◆ **TASK REQUIREMENTS**
Copy out all lines from the entries below in which "walking" occurs.

Records from a data source
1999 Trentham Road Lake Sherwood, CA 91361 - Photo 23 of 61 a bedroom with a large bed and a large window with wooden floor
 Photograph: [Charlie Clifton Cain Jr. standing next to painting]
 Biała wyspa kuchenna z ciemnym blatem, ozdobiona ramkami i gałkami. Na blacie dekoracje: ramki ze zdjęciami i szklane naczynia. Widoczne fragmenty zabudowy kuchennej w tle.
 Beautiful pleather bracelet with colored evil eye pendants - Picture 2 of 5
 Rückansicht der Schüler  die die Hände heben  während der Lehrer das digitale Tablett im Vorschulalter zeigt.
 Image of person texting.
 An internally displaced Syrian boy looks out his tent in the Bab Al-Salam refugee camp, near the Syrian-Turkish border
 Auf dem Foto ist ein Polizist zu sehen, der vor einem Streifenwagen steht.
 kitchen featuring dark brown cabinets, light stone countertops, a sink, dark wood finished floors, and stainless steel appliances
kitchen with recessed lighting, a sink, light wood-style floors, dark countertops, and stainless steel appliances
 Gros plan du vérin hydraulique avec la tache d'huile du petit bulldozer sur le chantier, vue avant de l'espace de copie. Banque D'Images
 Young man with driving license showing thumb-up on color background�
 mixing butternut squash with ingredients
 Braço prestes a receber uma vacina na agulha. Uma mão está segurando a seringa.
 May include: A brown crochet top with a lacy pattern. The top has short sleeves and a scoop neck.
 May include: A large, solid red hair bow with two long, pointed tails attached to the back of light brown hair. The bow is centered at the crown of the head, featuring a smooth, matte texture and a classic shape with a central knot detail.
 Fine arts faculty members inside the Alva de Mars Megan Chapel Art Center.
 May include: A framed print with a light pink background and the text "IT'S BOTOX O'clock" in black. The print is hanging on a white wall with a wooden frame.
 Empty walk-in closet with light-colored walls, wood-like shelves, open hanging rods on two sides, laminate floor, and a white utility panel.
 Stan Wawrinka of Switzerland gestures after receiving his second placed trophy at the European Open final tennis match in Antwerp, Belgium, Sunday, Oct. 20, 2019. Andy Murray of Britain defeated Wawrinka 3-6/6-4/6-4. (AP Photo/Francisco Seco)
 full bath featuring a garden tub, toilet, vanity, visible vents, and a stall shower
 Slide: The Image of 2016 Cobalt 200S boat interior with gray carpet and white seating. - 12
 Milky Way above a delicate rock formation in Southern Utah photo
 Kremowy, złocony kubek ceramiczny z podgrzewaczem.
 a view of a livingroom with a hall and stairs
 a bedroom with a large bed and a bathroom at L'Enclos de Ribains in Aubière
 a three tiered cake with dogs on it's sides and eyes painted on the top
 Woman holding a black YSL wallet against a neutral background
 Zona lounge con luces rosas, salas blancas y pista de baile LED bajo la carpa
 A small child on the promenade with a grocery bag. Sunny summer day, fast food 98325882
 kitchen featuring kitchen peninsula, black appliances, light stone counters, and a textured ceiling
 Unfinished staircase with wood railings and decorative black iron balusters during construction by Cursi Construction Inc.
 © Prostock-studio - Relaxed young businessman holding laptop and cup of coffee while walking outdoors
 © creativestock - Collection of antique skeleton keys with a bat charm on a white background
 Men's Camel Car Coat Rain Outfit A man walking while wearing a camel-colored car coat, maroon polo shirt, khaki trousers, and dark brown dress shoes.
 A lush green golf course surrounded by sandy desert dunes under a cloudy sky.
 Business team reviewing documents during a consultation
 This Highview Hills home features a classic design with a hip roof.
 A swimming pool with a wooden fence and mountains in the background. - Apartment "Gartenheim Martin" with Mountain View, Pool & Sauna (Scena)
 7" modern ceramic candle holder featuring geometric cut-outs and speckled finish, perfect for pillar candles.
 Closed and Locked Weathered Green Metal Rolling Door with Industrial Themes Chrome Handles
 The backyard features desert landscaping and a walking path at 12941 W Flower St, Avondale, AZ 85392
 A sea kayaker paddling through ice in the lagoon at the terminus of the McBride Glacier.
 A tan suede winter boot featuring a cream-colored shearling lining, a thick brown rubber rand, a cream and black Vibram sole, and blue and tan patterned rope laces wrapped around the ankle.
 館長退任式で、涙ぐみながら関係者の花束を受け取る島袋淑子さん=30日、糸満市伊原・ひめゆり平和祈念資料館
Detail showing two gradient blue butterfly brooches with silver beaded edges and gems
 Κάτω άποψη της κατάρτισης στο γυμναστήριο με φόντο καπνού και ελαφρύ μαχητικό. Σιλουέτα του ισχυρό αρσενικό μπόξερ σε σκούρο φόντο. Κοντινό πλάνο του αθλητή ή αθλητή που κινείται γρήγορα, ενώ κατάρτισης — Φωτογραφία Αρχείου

◆ **ANSWER TO THE PROBLEM**
 © Prostock-studio - Relaxed young businessman holding laptop and cup of coffee while walking outdoors
 Men's Camel Car Coat Rain Outfit A man walking while wearing a camel-colored car coat, maroon polo shirt, khaki trousers, and dark brown dress shoes.
 The backyard features desert landscaping and a walking path at 12941 W Flower St, Avondale, AZ 85392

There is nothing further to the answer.